_What to produce_. Except for the pictures, output the records in full and exactly.
*** Opening Data to examine ***
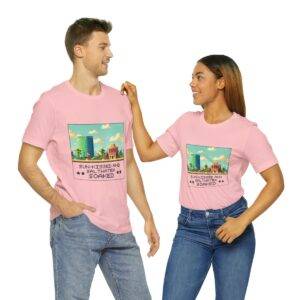 Sun-kissed and Saltwater / Men's Miami Pixel T-shirt - Image 154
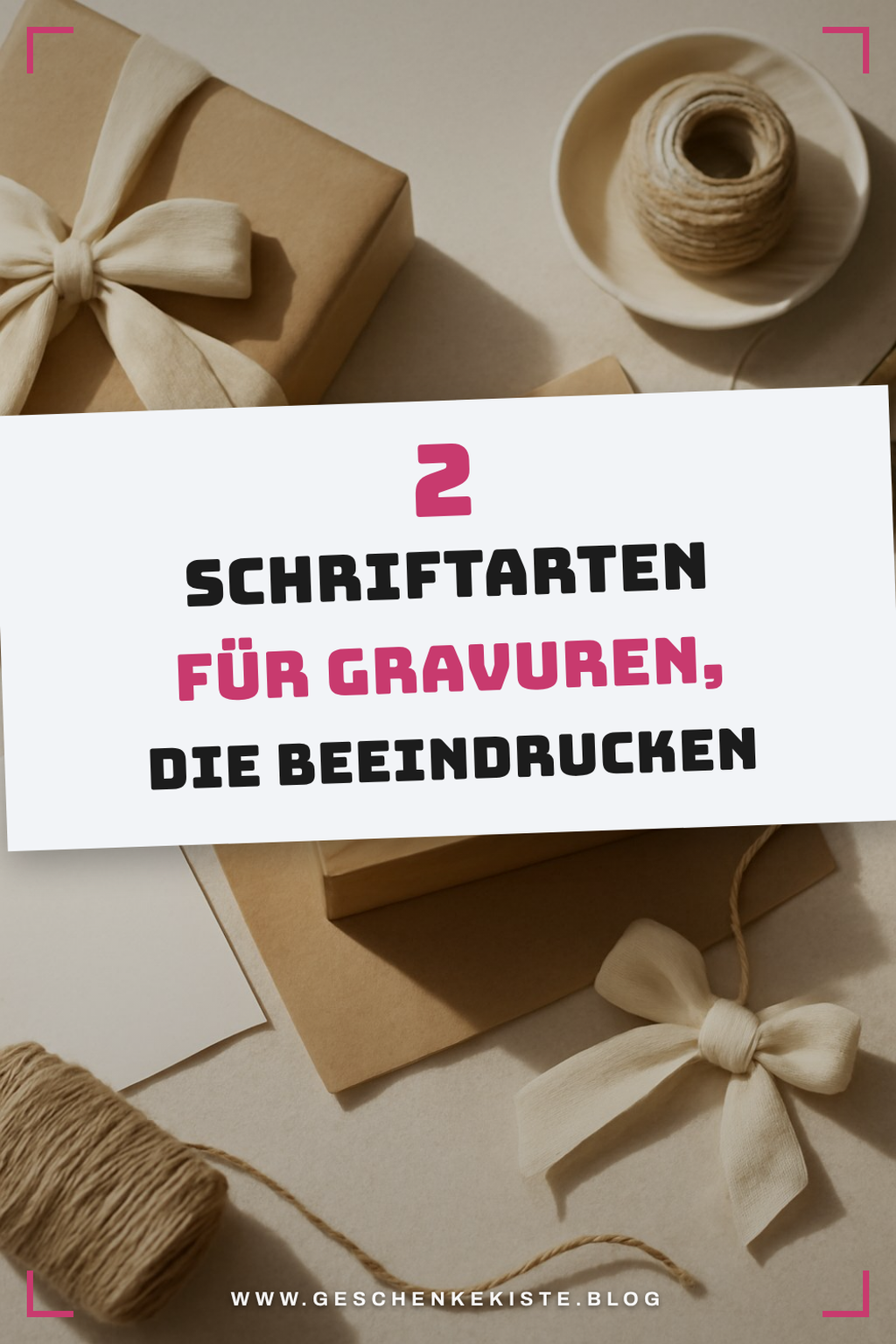 Die richtige Schriftart für deine Gravur wählen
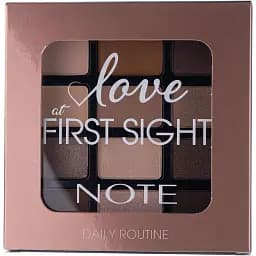 Палетка тіней Note Cosmetique Love At First Sight Eyeshadow Palette тон 201 (Daily Routine) 15.6 г - мініатюра 4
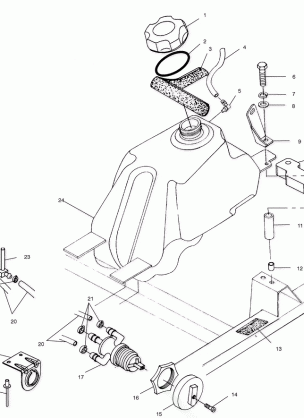 FUEL TANK - A01CB32AA (4963966396A013)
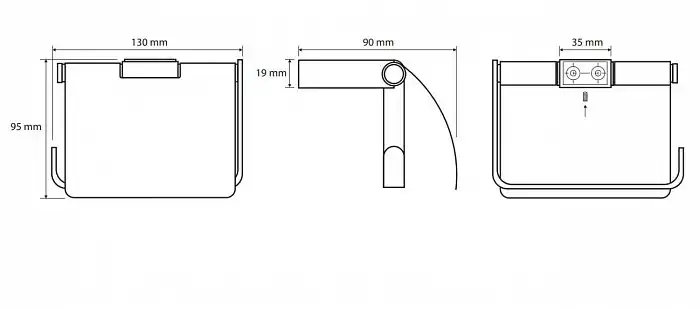 Держатель туалетной бумаги с крышкой 13 см BEMETA VIA хром 135012012 фото 2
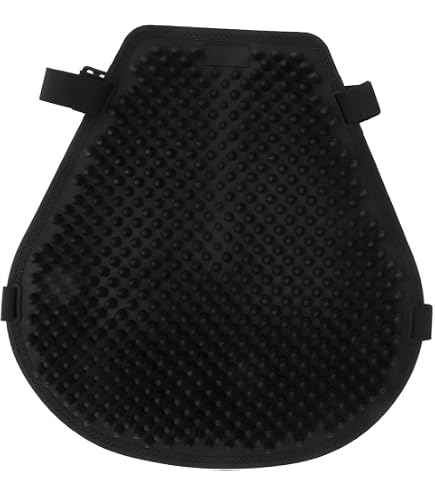 Motorcycle Gel Seat Pad – Shock Absorbing Comfort Cushion For Saddle (Blue, 2 Sizes)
*** Closing Data to examine ***
_Result for this task_.
 Sun-kissed and Saltwater / Men's Miami Pixel T-shirt - Image 154
 Die richtige Schriftart für deine Gravur wählen
 Палетка тіней Note Cosmetique Love At First Sight Eyeshadow Palette тон 201 (Daily Routine) 15.6 г - мініатюра 4
 FUEL TANK - A01CB32AA (4963966396A013)
 Держатель туалетной бумаги с крышкой 13 см BEMETA VIA хром 135012012 фото 2
 Motorcycle Gel Seat Pad – Shock Absorbing Comfort Cushion For Saddle (Blue, 2 Sizes)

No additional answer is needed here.